My point is this: Most of us know What Needs to be Said and Who Needs to Hear It...but we all tend to avoid confrontation and embarrassing or awkward situations...because we don't have the Courage to do it. And we need to steel ourselves to do it. We need that Courage.
Do you realize that the odds are that if you don't speak up, everything will turn out okay? That they probably won't crash and kill themselves or the child in the other car? That they'll probably be alive the next morning?
Just so you understand that their safety was a matter of dumb luck, and not because you didn't need to have the guts to "rein them in." You should have. You could have. You just needed to have some courage--the courage to do what you know is right.
You wanna be really cool? Be a good Wingman. Don't just talk about it. Don't just joke about it in that cynical way that says "We're too cool for that official 'wingman b.s.'!" Be a Wingman most especially during those few times when your buddies need you there for them. It's like flying.

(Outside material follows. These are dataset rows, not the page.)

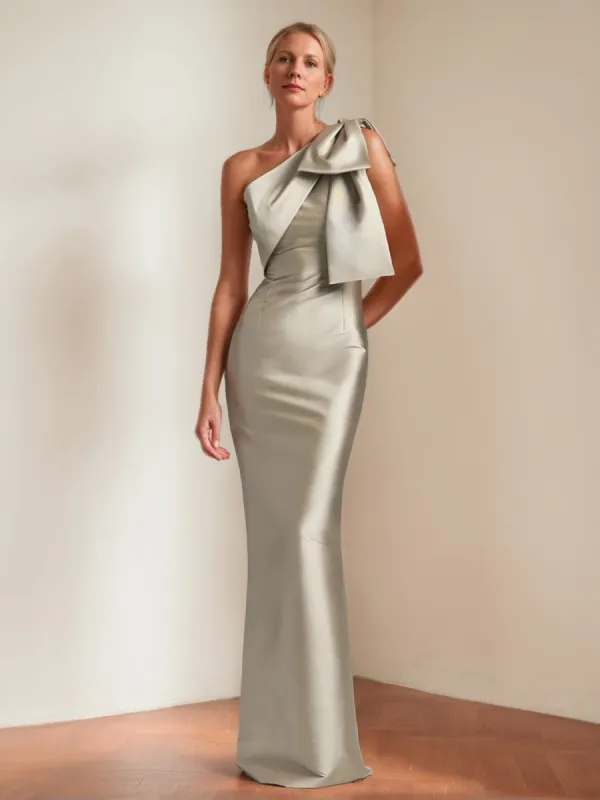 Sheath/Column One-Shoulder Floor-Length Long Mother of the Bride Dresses with Bow sold by Lavetir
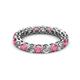 2 - Tiffany 3.00 mm Rhodolite Garnet and Lab Grown Diamond Eternity Band 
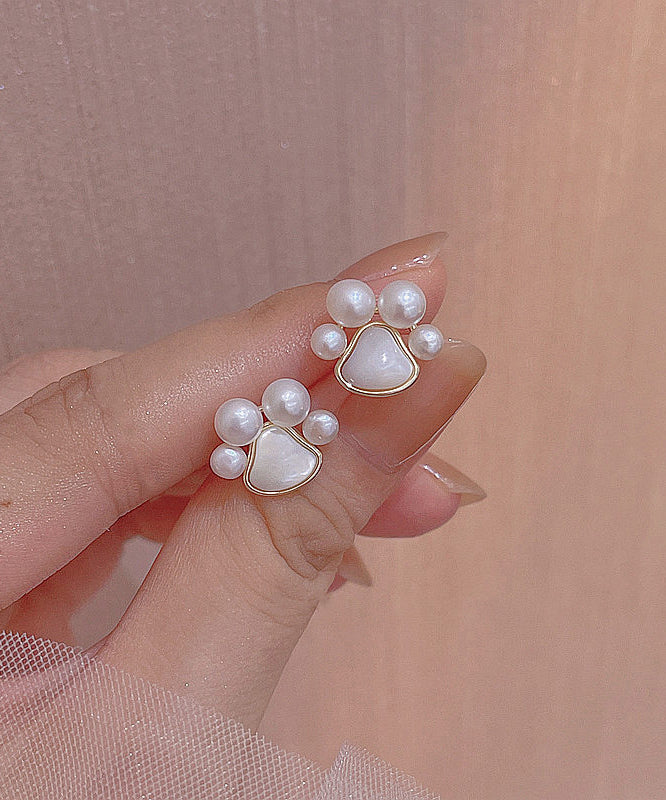 Boucles d'oreilles puces modernes en alliage de cuivre blanc, perle et coquillage, en forme de patte de chat - TrendAura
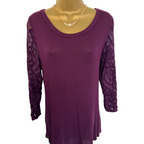 Country Casuals Purple Lace Sleeves Knit Top UK 8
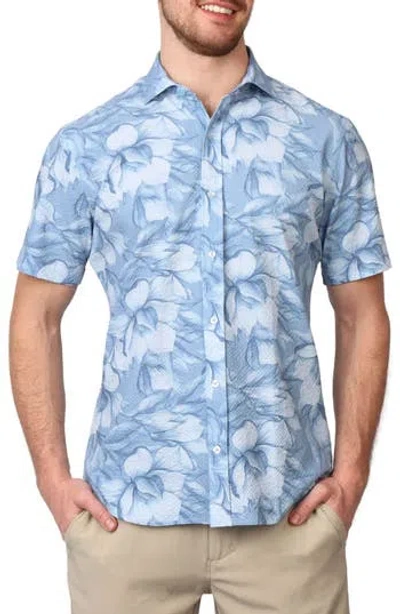 Tailorbyrd Floral Print Seersucker Short Sleeve Shirt In Blue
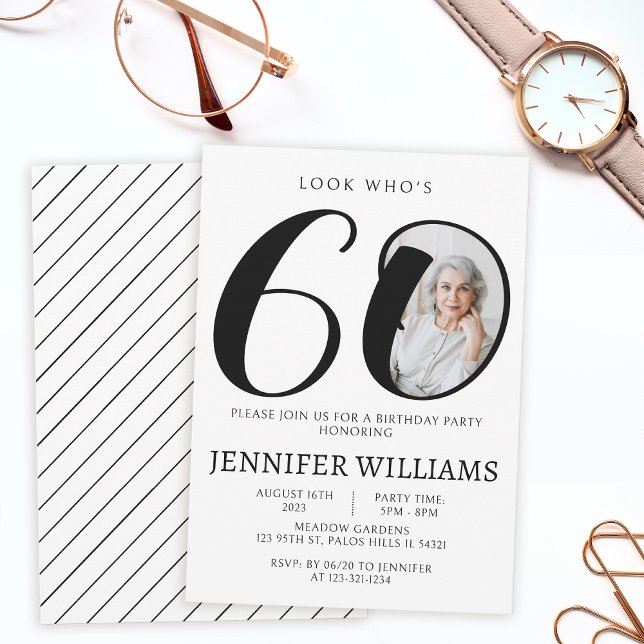 Minimalist black white 60th birthday photo invitation (Creator Uploaded)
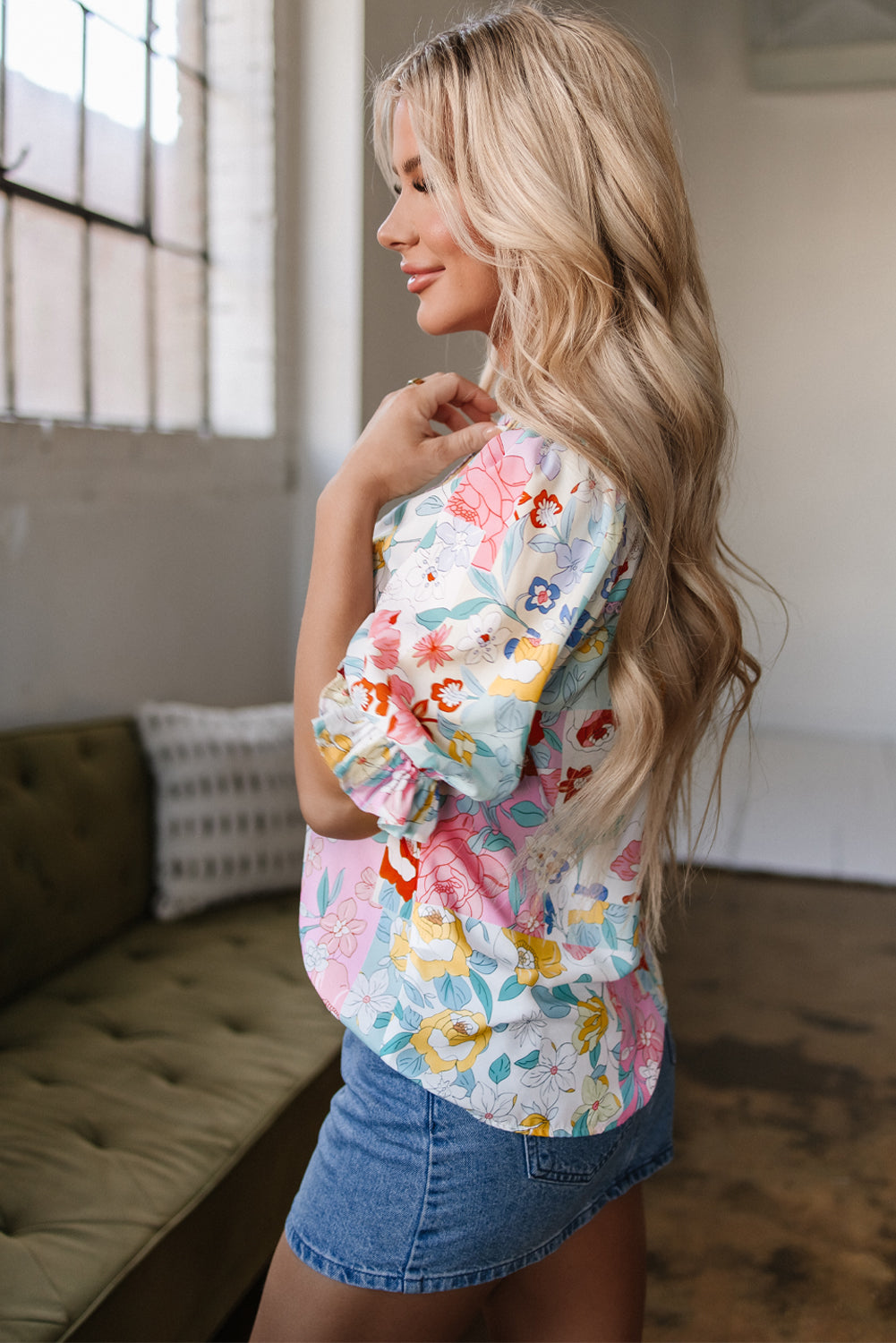 Solana Boho Flower Half Puff Sleeve Blouse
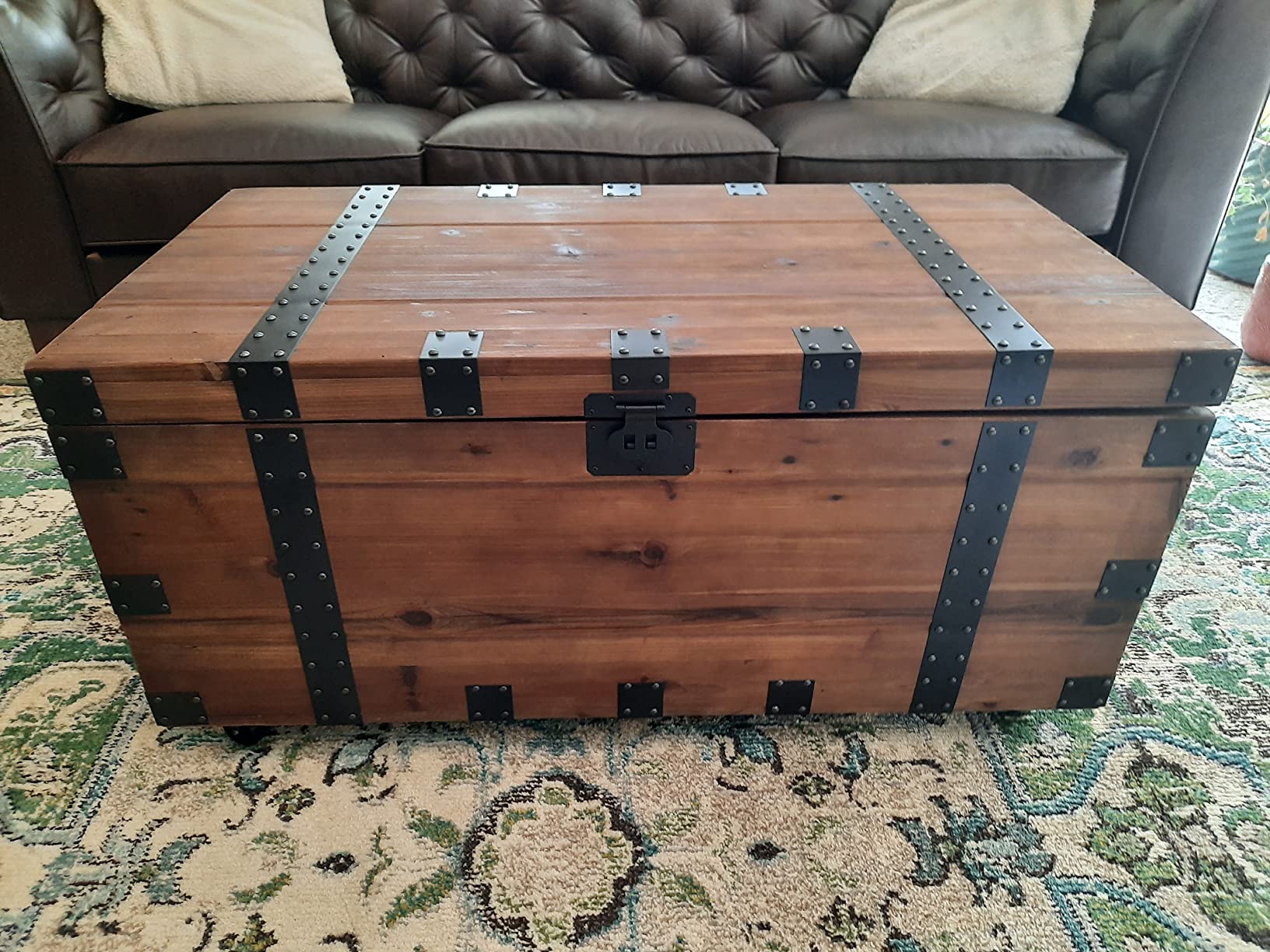 NewCosmos Vintage Reclaimed Fir Wood Storage Trunk - Rustic Charm with Black Metal Accents - No Assembly Required, Optional Wheels Included customer photo 1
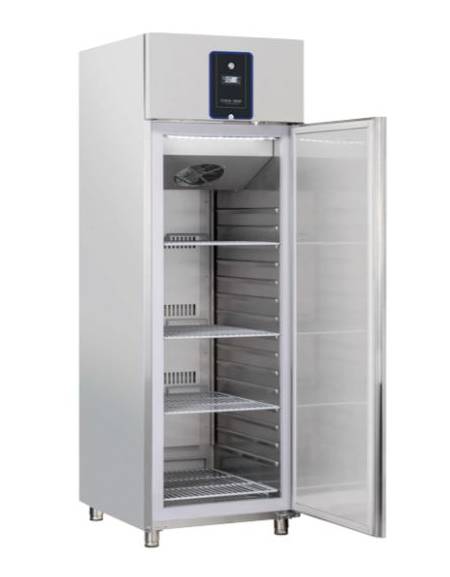 Armadio frigorifero inox 1 porta - Lt. 546 - Ventilato -2/+8°C - Tropicalizzato in Classe A - Guide stampate -cm 70x85x204,5h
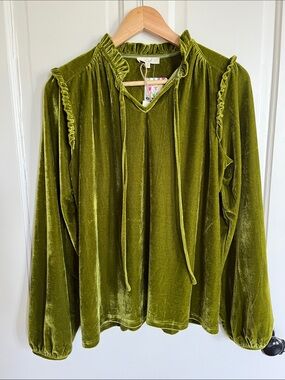 easel Olive Green Velvet Ruffle Tie-Neck Blouse NWT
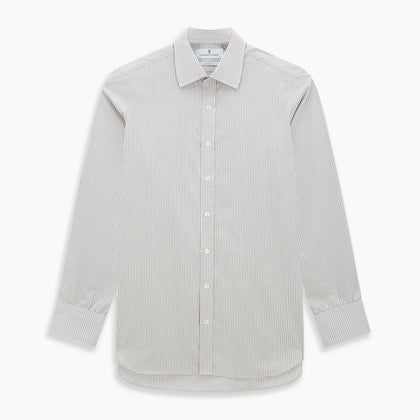 Grey Micro Shadow Check Mayfair Shirt Image 6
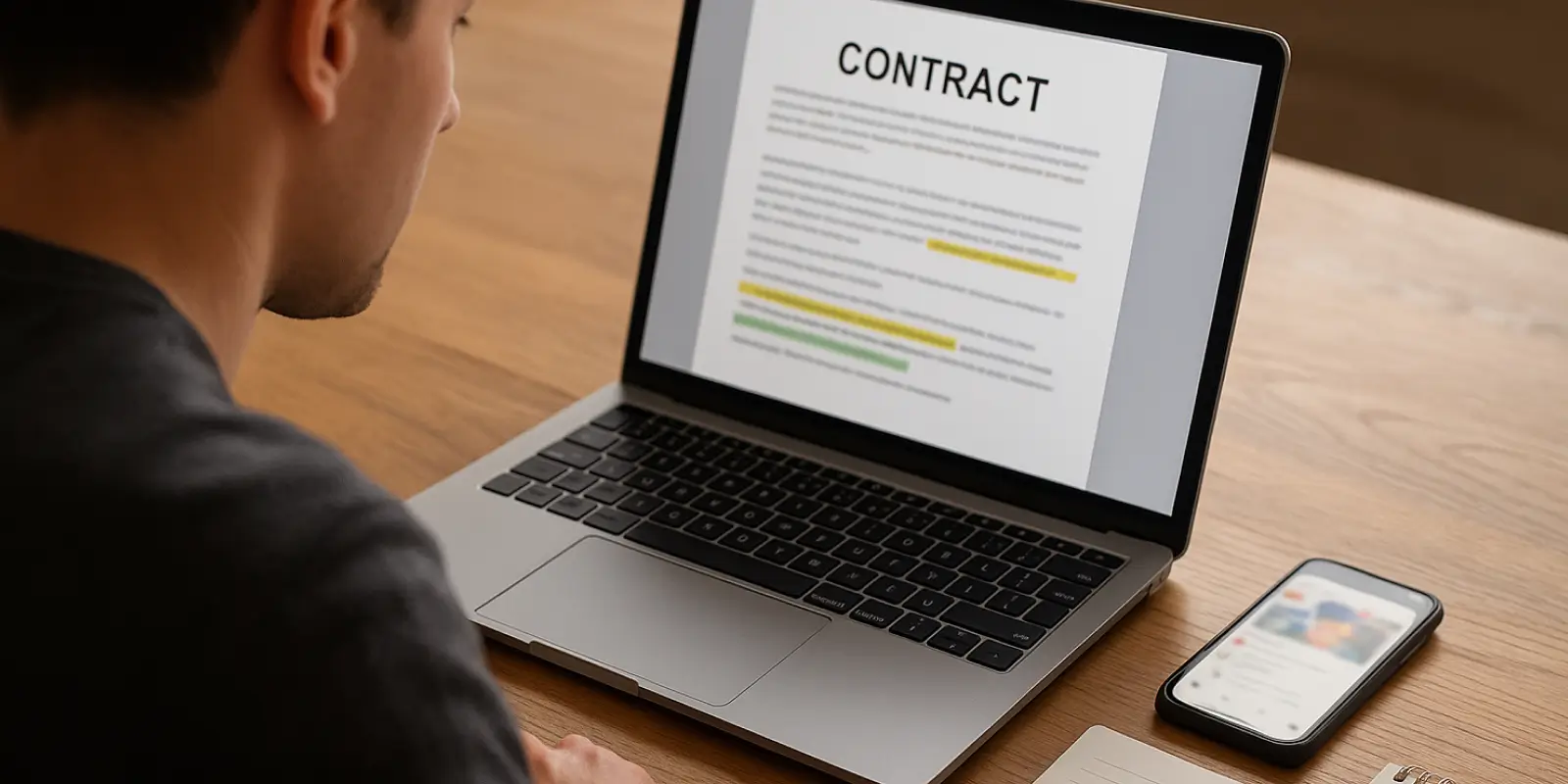 Influencer schaut Vertrag für rechtssicheres Marketing an.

The good wingman checks his buddy's six while his buddy is too busy looking at the target in front of him, not realizing he's about to be the target!
I'll point out that this was re-printed without his permission, and as I know it he won't actually give official permission to re-print his writings. Simply put he knows the WITs go out all over the world via e-mail to family and friends of blue-suiters and there is probably somebody else blogging it, but he writes for himself and his people and he doesn't want to write for the blogosphere because then his WITs will be written with that in mind.
His focus is the USAF and his people.